Here's how it went down:
Pman was taking a nap and I was eating lunch before it was time for us to leave so I could go to work and he could go to the sitter's house. When I wake him up from a nap I usually change his diaper then carry him downstairs while singing some song about what we are going to go do- have a bottle, go to Aunt Brenda's house, call daddy, take Abby out etc. These songs are nonsense and entertaining for us both. As I came to (and evidently missed) the last three steps we both went tumbling down and landed on that last step that is also a platform of sorts. You know? Anyway, some how I managed to hold him tight the whole time sacrificing both of my own knees and my left shin in the process. The noise we made was so bumpy and loud that even Abby came off her perch on our bed to check it out. Aside from my knees everyone is ok.

I do have to say a) It's amazing that the natural instinct to brace my fall with my hands did not even kick in (I am actually thankful for that) and b) My fear of actually dropping Parker has only intensified. Therfore we will both be wrapped in bubblewrap hence forth!

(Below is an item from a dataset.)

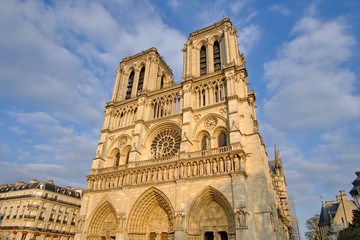 Fototapeta na wymiar Scenic view of catholic cathedral of Our Lady of Paris (Notre-Dame de Paris) in old touristic historic city Paris. Beautiful summer happy look of old christian temple in ancient capital of France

In other news, I have found these new teething tablets, well new to me anyway. They come in this little plastic tube and look like the dehydrated marshmallows that come with Swiss Miss hot chocolate. You put these meltable tablets under the baby's tongue and hope for the best. Both praying they work and that the baby does not choke on them.
So I opened the tube, took a few myself (felt NOTHING) and decided to give them a shot with the monkey man. While having a firm grip on the phone and after practicing dialing 911 with my thumb a few times, I put two of these marshmellow-y things under his tongue.
I'm not sure if they stopped the crying because he was distracted and thinking, "What the hell is this lady giving me now?" or if he stopped crying because they worked. Either way stopping the crying is the desired result and therefore, Thank You Sweet Jesus for inventing these things!

*TEASER*
Parker will be eating baby rice cereal for the first time on Thanksgiving day. Stay tuned for a photo journal of some sort!

Happy Thanksgiving!

1 comment:

Nancy C said...

I have the same fear with steps, too---probably because Owen took a header in utero down the steps. I was 8 months prego. No harm done, just lasting paranoia.